Return each line exactly, from the one that has "بلاغ من فتاة" through the end of the entries, both ends included. Pictures do not belong.

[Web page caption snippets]
......

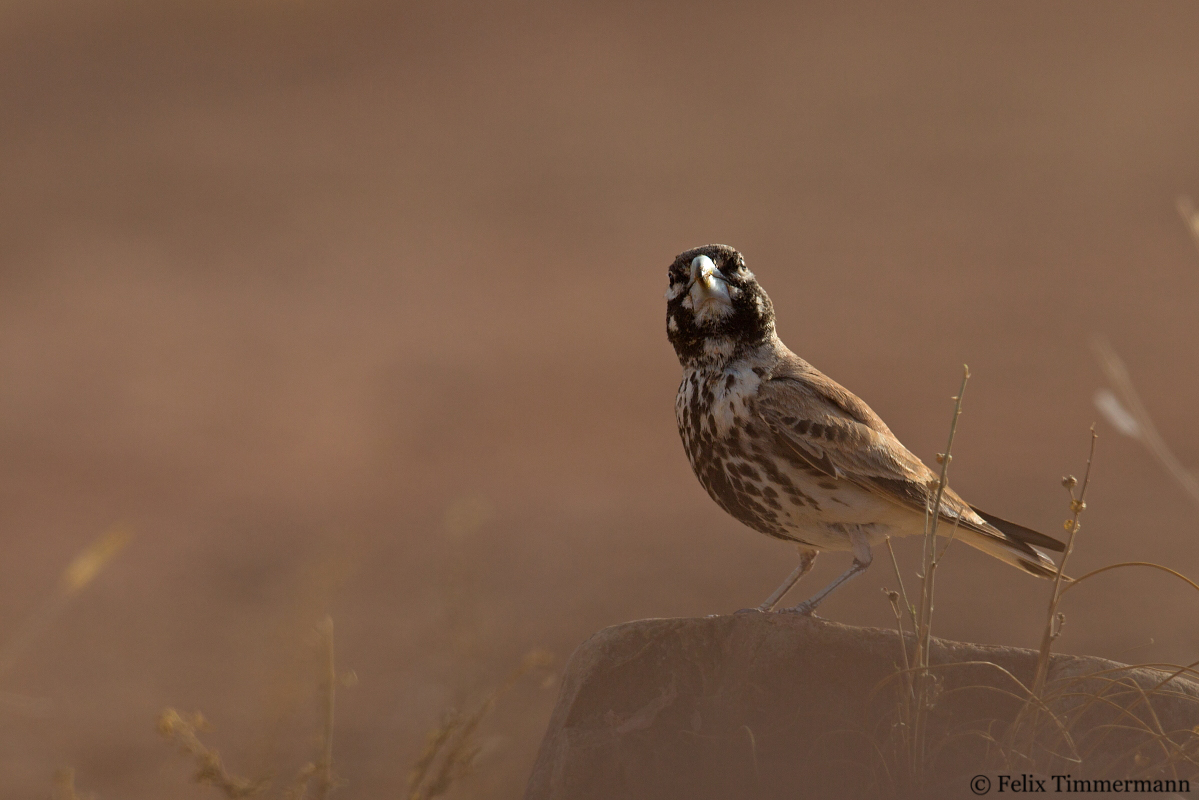Thick-billed Lark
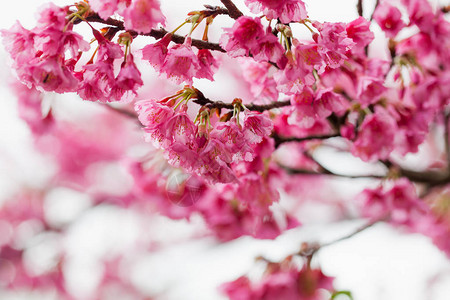 DoiAngKhang的粉红色樱花泰国清迈受欢迎的图片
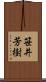 笹井芳樹 Scroll
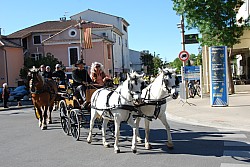 St Gens  2026 S_16.jpg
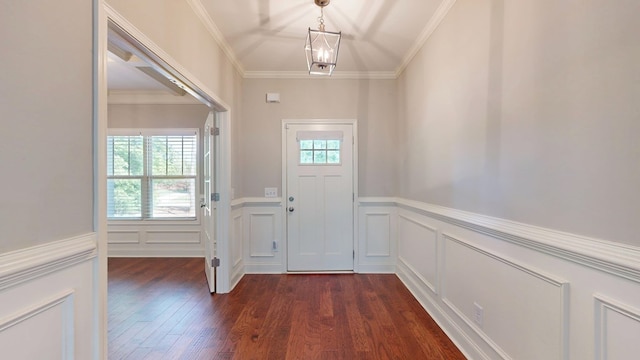doorway featuring a wainscoted wall, plenty of natural light, a decorative wall, and dark wood-style floors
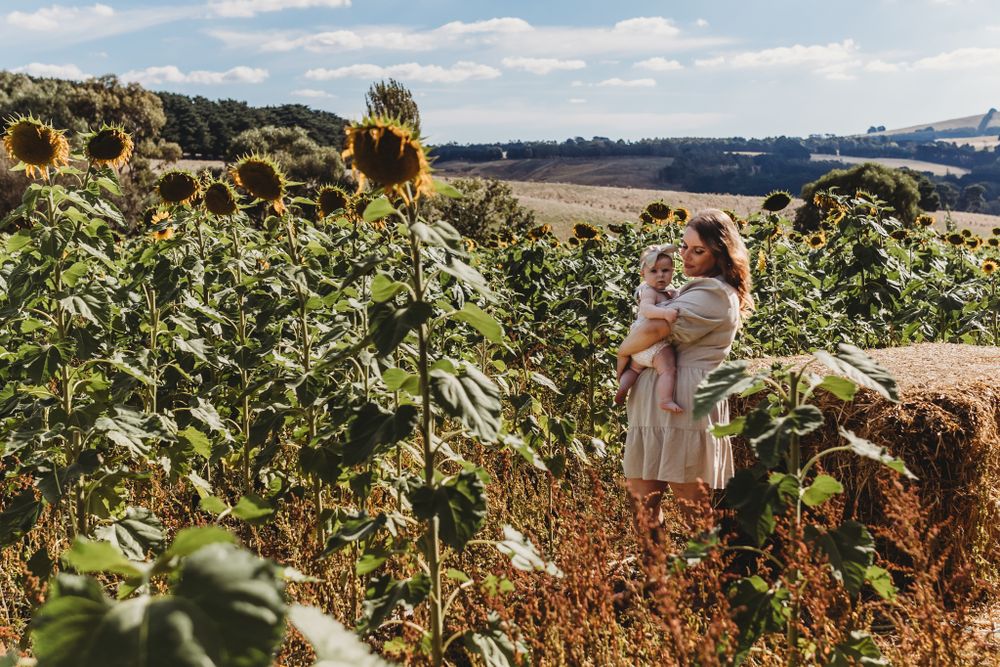 Sunflower portraits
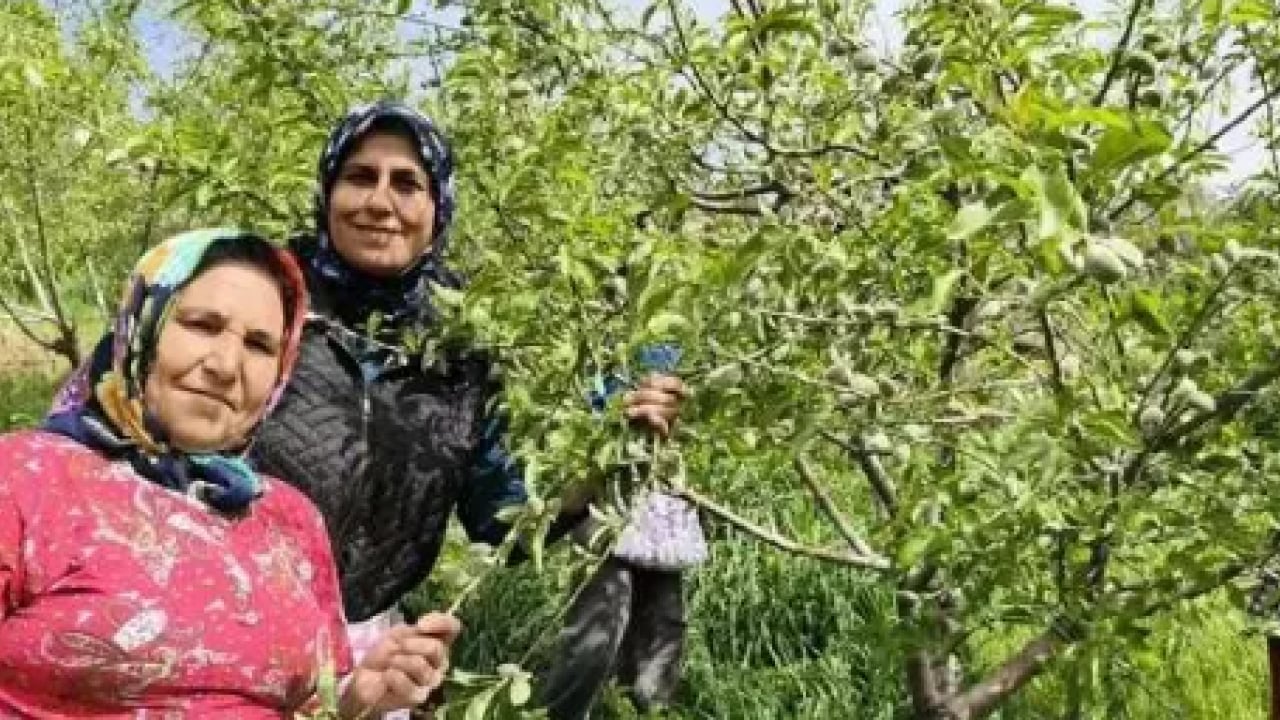 Foto - Kalbi motor gibi çalıştırıyor! Kilosu 150 TL'den satılıyor!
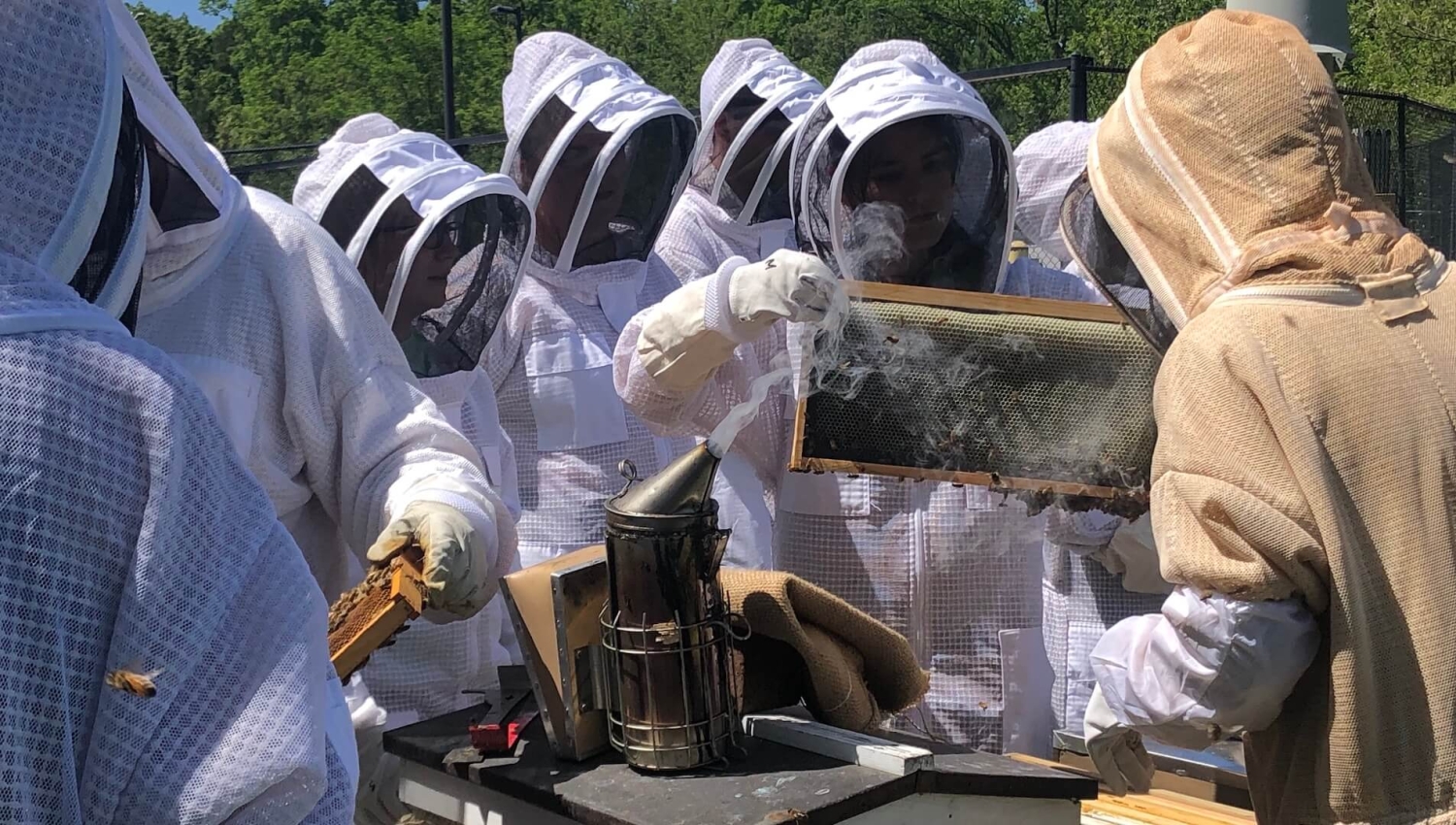 NC State veterinary students learn about beekeeping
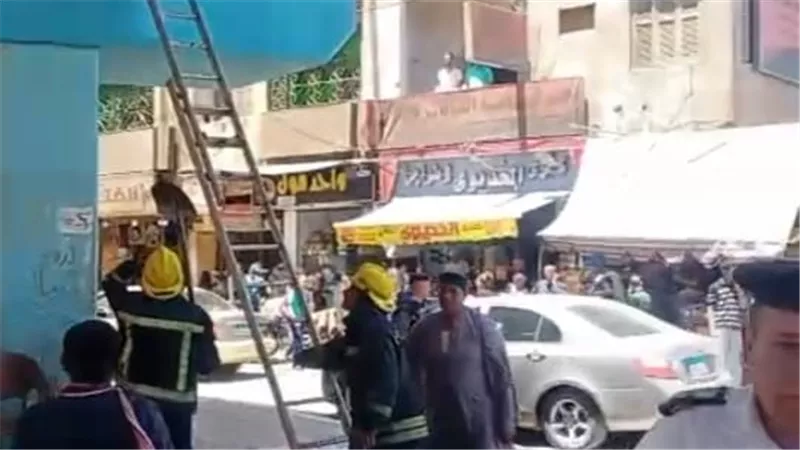 بلاغ من فتاة ينقذ قطة أعلى كوبري نجع حمادي.. تحرك عاجل للأمن والحماية المدنية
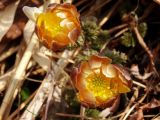 Adonis amurensis. Цветки. Приморье, Находкинский городской округ, окр. пос. Козьмино, лес на побережье. 28.03.2015.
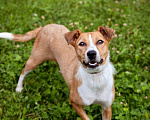 Собаки в Солнечногорске: Небольшая собачка в добрые руки Девочка, Бесплатно - фото 1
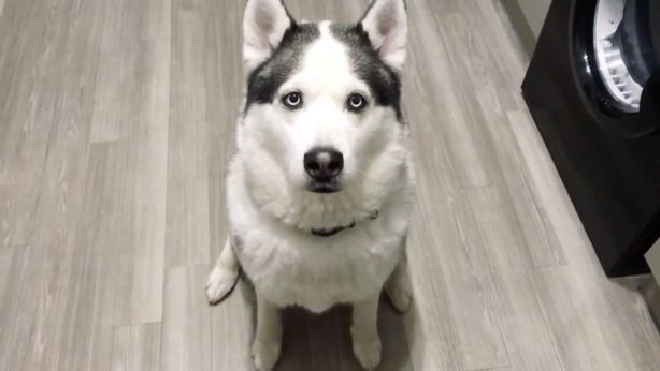 Chú chó Husky tỏ tình 'I love you' với chủ khiến dân mạng 'phát cuồng' Ảnh 2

......

_Response to this task_
 بلاغ من فتاة ينقذ قطة أعلى كوبري نجع حمادي.. تحرك عاجل للأمن والحماية المدنية
 Adonis amurensis. Цветки. Приморье, Находкинский городской округ, окр. пос. Козьмино, лес на побережье. 28.03.2015.
 Собаки в Солнечногорске: Небольшая собачка в добрые руки Девочка, Бесплатно - фото 1
 Chú chó Husky tỏ tình 'I love you' với chủ khiến dân mạng 'phát cuồng' Ảnh 2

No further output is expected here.